Tuesday, 17 March 2015

Water aid in Tanzania: The babies who die for want of clean water



At a clinic in rural Tanzania, we meet mothers who have lost infants to easily preventable illnesses caused by dirty water and lack of access to basic latrines.





 
In a bare clinic room overlooking a stretch of parched red earth, Aisha Mkude is telling us about the loss of her fourth child, a boy, in January. The baby died within a week of the birth after contracting an umbilical cord infection, she says in her native Swahili. Aisha is convinced her baby’s fatal illness was caused by dirty water, dug from beneath a dried-up riverbed by relatives, and transported in jerry cans to the clinic’s delivery room for the birth. It was used to wash the baby, herself, her clothes and the bedsheets.
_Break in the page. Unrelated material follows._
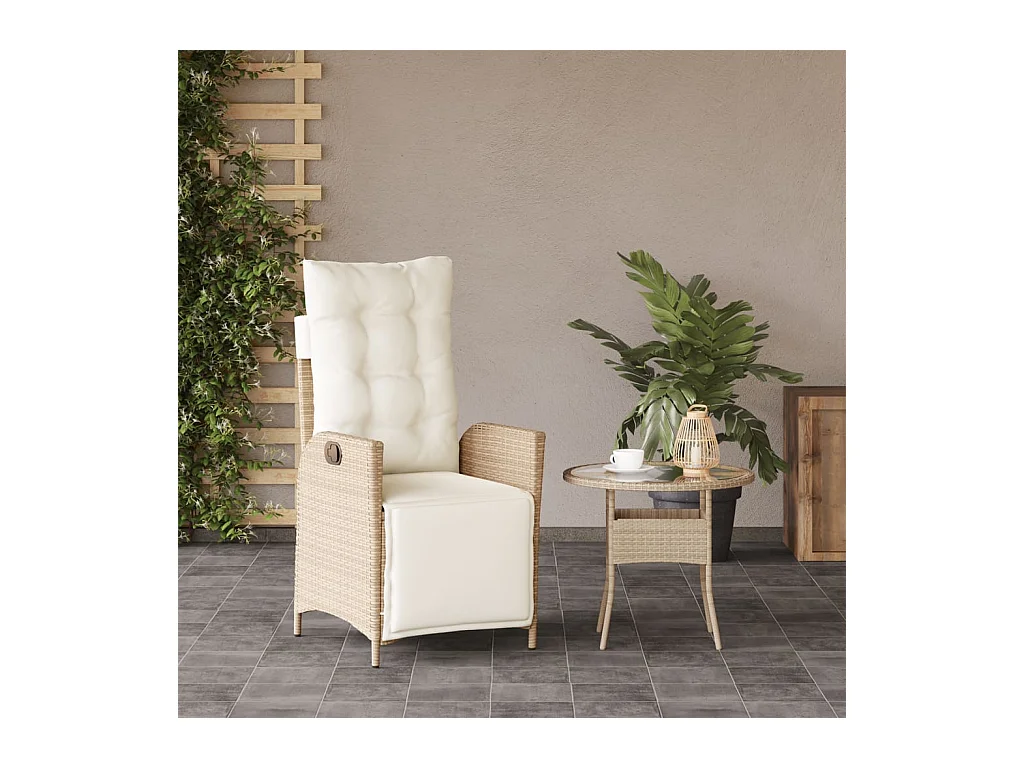 Beige relaxstoel voor in de tuin met voetenbankje van gevlochten kunsthars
This is Mlali Health Centre, in Tanzania’s Morogoro region a scenic sprawl of bush and palm trees lying at the foot of the country’s verdant southern Highlands. Chickens wander in, while outside, a woman attempts to sweep away the dust with a broom made of twigs. In the dry season it coats everything – cars, shoes, clothes, hair.
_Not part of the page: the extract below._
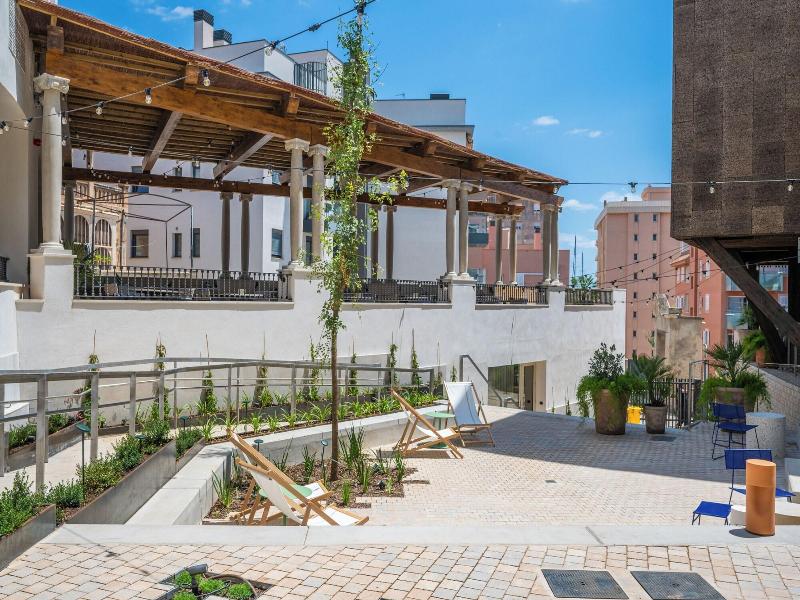 Terreno Barrio Hotel image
The circumstances in which Aisha gave birth here are unimaginable for most Westerners. Early one morning, she had travelled from her village to the clinic by motorbike taxi, stopping repeatedly on the unmade road because of the pain of labor. Arriving at the tiny delivery room, she was told by midwives that the clinic had no water: she would have to bring in her own supply for the birth.
For Aisha, 38, this wasn’t entirely unexpected. The same thing had happened at the births of her other children [three girls, aged eight, 13 and 16], when relatives fetched water from a nearby river. But last January, she recalls, things were even worse: the water situation was “very bad”. Two companions – a sister-in-law and a neighbor had to dig down into the riverbed to get to water, using shovels and buckets.
The birth itself went smoothly but two days later, back home in the village, the baby developed a high fever; on day three, back at the clinic, he was found to be discharging foul smelling water from the umbilical cord. Antibiotics failed to save his young life. By Kimena Nuhu.